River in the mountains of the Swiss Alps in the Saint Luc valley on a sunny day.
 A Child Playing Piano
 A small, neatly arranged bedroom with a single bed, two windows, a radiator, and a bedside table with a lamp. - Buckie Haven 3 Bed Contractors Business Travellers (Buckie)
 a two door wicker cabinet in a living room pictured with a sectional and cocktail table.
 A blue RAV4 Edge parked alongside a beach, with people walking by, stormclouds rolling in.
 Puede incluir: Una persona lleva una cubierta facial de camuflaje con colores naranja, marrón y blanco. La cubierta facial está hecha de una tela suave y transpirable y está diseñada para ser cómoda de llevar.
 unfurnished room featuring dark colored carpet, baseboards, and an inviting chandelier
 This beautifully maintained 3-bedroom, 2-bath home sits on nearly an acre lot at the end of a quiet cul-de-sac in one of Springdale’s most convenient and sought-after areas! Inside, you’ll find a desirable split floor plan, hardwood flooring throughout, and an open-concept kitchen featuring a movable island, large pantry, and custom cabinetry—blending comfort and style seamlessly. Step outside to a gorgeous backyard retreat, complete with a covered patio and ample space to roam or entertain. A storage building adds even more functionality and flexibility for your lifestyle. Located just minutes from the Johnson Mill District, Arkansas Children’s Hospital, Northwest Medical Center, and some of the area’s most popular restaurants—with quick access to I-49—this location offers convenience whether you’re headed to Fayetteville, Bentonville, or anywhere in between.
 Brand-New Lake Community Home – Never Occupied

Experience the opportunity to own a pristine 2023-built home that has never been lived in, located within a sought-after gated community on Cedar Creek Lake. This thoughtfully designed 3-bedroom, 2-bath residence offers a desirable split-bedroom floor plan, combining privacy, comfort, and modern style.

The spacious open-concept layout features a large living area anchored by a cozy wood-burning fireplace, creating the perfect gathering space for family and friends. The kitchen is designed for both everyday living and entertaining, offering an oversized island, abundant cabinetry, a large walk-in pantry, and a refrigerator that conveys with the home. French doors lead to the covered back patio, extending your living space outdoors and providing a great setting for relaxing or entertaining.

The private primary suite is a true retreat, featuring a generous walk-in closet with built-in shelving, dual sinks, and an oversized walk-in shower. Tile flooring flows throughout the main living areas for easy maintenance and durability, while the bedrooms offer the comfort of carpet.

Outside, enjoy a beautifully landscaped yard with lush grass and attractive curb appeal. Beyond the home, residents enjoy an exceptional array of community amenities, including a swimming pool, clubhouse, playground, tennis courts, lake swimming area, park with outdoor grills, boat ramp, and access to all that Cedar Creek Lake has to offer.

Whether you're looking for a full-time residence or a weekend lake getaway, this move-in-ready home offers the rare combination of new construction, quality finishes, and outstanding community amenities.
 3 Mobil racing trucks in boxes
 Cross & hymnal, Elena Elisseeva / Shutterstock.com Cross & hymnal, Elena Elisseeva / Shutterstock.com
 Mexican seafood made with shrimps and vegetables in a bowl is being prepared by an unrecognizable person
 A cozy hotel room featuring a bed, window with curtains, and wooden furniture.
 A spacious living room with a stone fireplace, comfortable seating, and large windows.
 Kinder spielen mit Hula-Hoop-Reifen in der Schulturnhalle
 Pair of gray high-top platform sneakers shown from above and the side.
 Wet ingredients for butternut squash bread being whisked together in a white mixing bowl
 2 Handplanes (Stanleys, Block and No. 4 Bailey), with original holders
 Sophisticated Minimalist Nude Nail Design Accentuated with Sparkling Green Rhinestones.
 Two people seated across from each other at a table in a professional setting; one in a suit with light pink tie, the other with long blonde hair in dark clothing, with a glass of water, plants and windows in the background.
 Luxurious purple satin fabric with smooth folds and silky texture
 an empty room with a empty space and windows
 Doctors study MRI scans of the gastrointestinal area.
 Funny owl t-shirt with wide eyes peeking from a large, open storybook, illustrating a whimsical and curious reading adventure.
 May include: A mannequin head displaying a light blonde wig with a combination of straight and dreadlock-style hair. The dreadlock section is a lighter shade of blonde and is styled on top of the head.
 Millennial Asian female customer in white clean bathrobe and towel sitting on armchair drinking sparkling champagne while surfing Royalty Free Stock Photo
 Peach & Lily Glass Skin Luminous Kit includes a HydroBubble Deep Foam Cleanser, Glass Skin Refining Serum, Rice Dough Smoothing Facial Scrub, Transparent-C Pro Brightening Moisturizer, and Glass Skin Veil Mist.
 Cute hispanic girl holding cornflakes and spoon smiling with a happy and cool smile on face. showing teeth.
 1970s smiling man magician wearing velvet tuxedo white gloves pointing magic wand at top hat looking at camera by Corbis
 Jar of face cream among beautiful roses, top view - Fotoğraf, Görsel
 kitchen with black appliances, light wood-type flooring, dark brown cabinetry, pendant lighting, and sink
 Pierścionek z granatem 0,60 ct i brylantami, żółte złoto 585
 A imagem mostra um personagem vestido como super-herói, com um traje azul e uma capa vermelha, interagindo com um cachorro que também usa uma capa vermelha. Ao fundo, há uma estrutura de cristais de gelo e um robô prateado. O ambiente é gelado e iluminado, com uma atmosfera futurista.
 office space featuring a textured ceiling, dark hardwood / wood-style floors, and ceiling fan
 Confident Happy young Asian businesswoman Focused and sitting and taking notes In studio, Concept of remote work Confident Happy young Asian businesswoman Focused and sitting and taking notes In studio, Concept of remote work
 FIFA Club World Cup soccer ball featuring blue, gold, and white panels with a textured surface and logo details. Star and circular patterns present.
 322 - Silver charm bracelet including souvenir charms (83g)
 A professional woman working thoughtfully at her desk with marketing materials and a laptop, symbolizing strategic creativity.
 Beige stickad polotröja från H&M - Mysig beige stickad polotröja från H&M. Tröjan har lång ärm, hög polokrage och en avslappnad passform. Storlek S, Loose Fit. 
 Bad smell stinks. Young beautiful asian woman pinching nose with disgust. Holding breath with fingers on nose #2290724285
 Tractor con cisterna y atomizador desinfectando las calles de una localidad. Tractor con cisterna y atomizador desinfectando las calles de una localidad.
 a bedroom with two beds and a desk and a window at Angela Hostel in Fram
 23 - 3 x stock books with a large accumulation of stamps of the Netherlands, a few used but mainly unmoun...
=-=-=
# Brief
Tally the lines in the records above that contain the string "smiling" and report only the tally.

# Task answer
2